強いて言うならこうして二人三脚に失敗し無駄に流れて行く時間の方が勿体無い様な気がするのだけれど。
P「立ち上がるから、今は動くなよ」
加蓮「美穂ーっ! 今! 左足伸ばしてっ!!」
遠くから北条さんが何やら指示を飛ばしている。
美穂「えっ? あ、は、はいっ!」
おいバカ小日向、何焦ってるのか知らないけどそんな事したら……
P「っうぉっ!」
美穂「きゃっ!」
ドスンッ
結ばれてる足が後方へと引っ張られて、四度僕は腹から倒れ込んだ。
今日だけで何度倒れただろう。
三年峠だったらあと十二年は生きてられる事になる。
いや短いよ、流石にもうあと4.50年は生きてたい。
美穂「……ぁ……Pくん……」
P「すまん……って、今のはどちらかと言うと小日向の方に非が……」
言葉を止めて、再度状況確認。
正しい状況を把握する事が、戦場を生き延びる第一の条件である。
かつて昔多分古い時代とかその辺の偉人がそれっぽい名言を遺したんじゃないかな。
がんばれ偉い人。
美穂「その…………近……」
把握完了。
オペレーション二人三脚倒れ込み状態からの復帰大作戦の第一段階を終了する。
なるほど、ふむ。
どうやら僕は小日向の上にまるまるのしかかっている状況らしい。
P「…………ごめん」
のしかかると言うか、押し潰してしまっていると言うか。
頬から伝わる床の感触がどうにも柔らかいなと思ったら、小日向の頬だったり。
…………おっぱいから伝わってくるこの感触は、気付かなかった事にしておこう。
多分言ったら小日向傷付くし怒るだろうし。
さて、と。
それじゃ、さっさと起き上がらないと……
美穂「…………Pくん……その……」
P「……ん? どうかした?」
小日向に言われて、ようやく僕は思い出した。
あぁ、うん、そうだった。
美穂「…………みんなが、見てるから……」
ここが、体育館で。
昼休みに遊びに来た沢山の生徒達が居て。
なんかやけに静かだなぁと思ったら。
P「……見てんじゃない! 見せもんじゃねぇんだぞ!!」
生徒指導室でこってりお説教され、教室に戻る頃には昼休みは終わっていた。
パンッ!
新田「っけぇぇ!! やれ! ぶん殴れ!!」
卯月「あ、あの……新田君、50m走はそう言う競技じゃ……」
体育祭当日。
第二種目である50m走は熾烈を極めてるんじゃないかな、僕は別に見てないけど。
そんな事よりも目に収めなければ、記憶に残さなければならないものがある。
それ即ち、透けブラとかシャツの袖から覗くブラ紐とか揺れるおっぱいとか。
この日の為に用意した双眼鏡は響子に没収されたけど、それでもやれる事はある。
美穂「見て見てPくんっ! うちのクラス2位ですよっ!!」
P「……悪いな小日向、今僕はそんなお遊戯みたいなガキの駆けっこなんかよりも集中して見なきゃいけない事があるんだ」
美穂「ガキって……同い年だよね?」
おっと、おっぱいに集中してお口が悪になってしまった。
……あの合図用ピストルを構えてる女の子良いな……良い、デカイ、良い。
体育祭、正直面倒だと思っていたけれどなかなかどうして悪くないイベントじゃないか。
これならカメラとか持って来ても良かったかもしれない。
加蓮「何々? 五十嵐はまたバカな事言ってるの?」
P「おはようございます北条さん! 今僕は誠心誠意クラスメイトの応援に励んでいる次第です!!」
加蓮「うん、よろしい。

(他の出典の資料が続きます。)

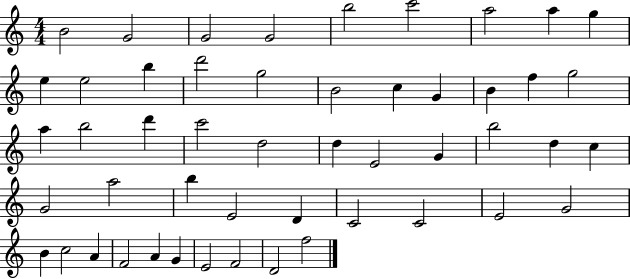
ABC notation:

X:1
T:Untitled
M:4/4
L:1/4
K:C
B2 G2 G2 G2 b2 c'2 a2 a g e e2 b d'2 g2 B2 c G B f g2 a b2 d' c'2 d2 d E2 G b2 d c G2 a2 b E2 D C2 C2 E2 G2 B c2 A F2 A G E2 F2 D2 f2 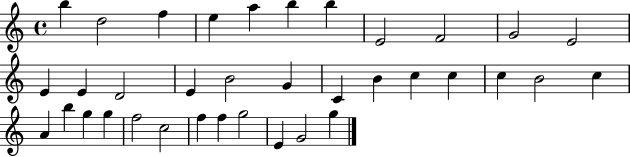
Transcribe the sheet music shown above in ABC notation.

X:1
T:Untitled
M:4/4
L:1/4
K:C
b d2 f e a b b E2 F2 G2 E2 E E D2 E B2 G C B c c c B2 c A b g g f2 c2 f f g2 E G2 g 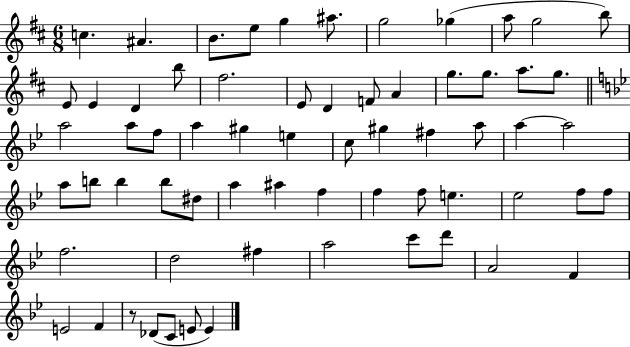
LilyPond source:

{
  \clef treble
  \numericTimeSignature
  \time 6/8
  \key d \major
  c''4. ais'4. | b'8. e''8 g''4 ais''8. | g''2 ges''4( | a''8 g''2 b''8) | \break e'8 e'4 d'4 b''8 | fis''2. | e'8 d'4 f'8 a'4 | g''8. g''8. a''8. g''8. | \break \bar "||" \break \key g \minor a''2 a''8 f''8 | a''4 gis''4 e''4 | c''8 gis''4 fis''4 a''8 | a''4~~ a''2 | \break a''8 b''8 b''4 b''8 dis''8 | a''4 ais''4 f''4 | f''4 f''8 e''4. | ees''2 f''8 f''8 | \break f''2. | d''2 fis''4 | a''2 c'''8 d'''8 | a'2 f'4 | \break e'2 f'4 | r8 des'8( c'8 e'8 e'4) | \bar "|."
} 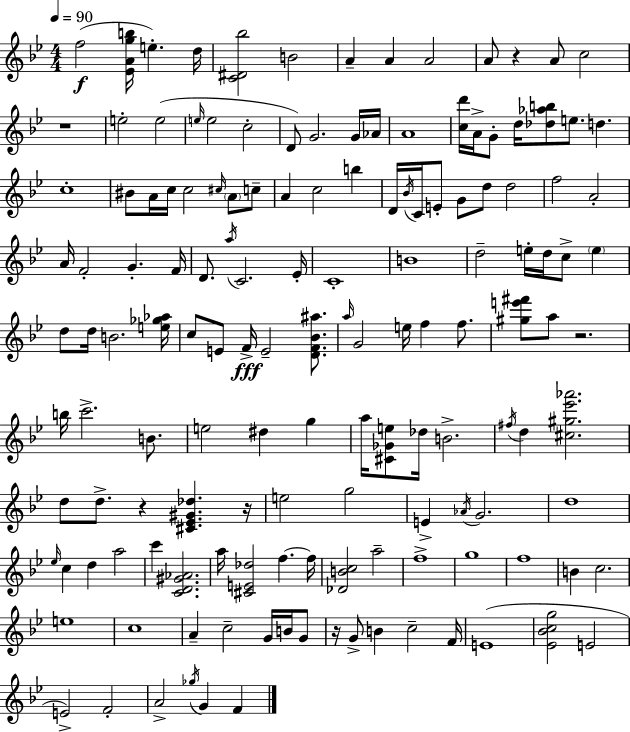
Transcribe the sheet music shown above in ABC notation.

X:1
T:Untitled
M:4/4
L:1/4
K:Bb
f2 [_EAgb]/4 e d/4 [C^D_b]2 B2 A A A2 A/2 z A/2 c2 z4 e2 e2 e/4 e2 c2 D/2 G2 G/4 _A/4 A4 [cd']/4 A/4 G/2 d/4 [_d_ab]/2 e/2 d c4 ^B/2 A/4 c/4 c2 ^c/4 A/2 c/2 A c2 b D/4 _B/4 C/4 E/2 G/2 d/2 d2 f2 A2 A/4 F2 G F/4 D/2 a/4 C2 _E/4 C4 B4 d2 e/4 d/4 c/2 e d/2 d/4 B2 [e_g_a]/4 c/2 E/2 F/4 E2 [DF_B^a]/2 a/4 G2 e/4 f f/2 [^ge'^f']/2 a/2 z2 b/4 c'2 B/2 e2 ^d g a/4 [^C_Ge]/2 _d/4 B2 ^f/4 d [^c^g_e'_a']2 d/2 d/2 z [^C_E^G_d] z/4 e2 g2 E _A/4 G2 d4 _e/4 c d a2 c' [CD^G_A]2 a/4 [^CE_d]2 f f/4 [_DBc]2 a2 f4 g4 f4 B c2 e4 c4 A c2 G/4 B/4 G/2 z/4 G/2 B c2 F/4 E4 [_E_Bcg]2 E2 E2 F2 A2 _g/4 G F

ところで鷺沢見なかった?」
P「あいつなら多分ゴールテープ横に居るんじゃないかな」
ゴールする瞬間に揺れるおっぱいがこの上なく素晴らしいとか言ってたし。
僕も最初はそっちに行こうと思ってたんだけれど……
加蓮「……あっつ……いいや、戻って来たらで」
P「うん、僕もテントから出たくない」
なんといっても、今日は暑いのだ。
各クラスに一つずつ割り振られたテントから出た瞬間に焼き殺されてしまうんじゃないかと言うくらい暑い。

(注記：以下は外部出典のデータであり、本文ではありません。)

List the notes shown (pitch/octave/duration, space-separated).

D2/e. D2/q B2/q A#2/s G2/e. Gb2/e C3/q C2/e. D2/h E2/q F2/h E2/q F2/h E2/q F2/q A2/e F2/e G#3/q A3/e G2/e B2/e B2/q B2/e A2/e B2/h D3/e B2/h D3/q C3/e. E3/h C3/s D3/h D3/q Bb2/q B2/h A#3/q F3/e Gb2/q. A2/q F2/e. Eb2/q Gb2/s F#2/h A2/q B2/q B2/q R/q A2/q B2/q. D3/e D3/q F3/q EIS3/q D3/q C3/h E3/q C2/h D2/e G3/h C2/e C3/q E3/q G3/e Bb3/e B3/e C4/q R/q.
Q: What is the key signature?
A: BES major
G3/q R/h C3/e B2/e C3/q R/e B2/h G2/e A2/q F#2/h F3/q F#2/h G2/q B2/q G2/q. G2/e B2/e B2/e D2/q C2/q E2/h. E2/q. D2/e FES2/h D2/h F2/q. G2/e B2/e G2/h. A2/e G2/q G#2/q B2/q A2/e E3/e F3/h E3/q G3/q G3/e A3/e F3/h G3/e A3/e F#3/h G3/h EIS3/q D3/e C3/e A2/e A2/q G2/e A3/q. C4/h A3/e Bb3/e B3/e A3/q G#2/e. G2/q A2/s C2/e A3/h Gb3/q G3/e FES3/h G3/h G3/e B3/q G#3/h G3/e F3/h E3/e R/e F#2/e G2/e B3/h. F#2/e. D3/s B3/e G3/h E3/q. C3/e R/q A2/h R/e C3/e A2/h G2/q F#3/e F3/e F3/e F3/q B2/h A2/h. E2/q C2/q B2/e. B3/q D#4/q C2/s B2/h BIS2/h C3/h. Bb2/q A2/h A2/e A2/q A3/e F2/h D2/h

これでまだ5月末なのだから、8月になればどうなってしまうんだろう。
8月になっちゃうんだろうな。
けれどそれはそれとして、暑いのは良い。
何故なら汗をかくからである。
暑ければ人は汗をかく、それ即ち自然の摂理にして青春なり。
もちろん高校の一大イベントである体育祭を楽しく盛り上がり汗をかく事が素晴らしいと言っているのであって、決して透けブラひゃっほうとかの理由じゃないよ。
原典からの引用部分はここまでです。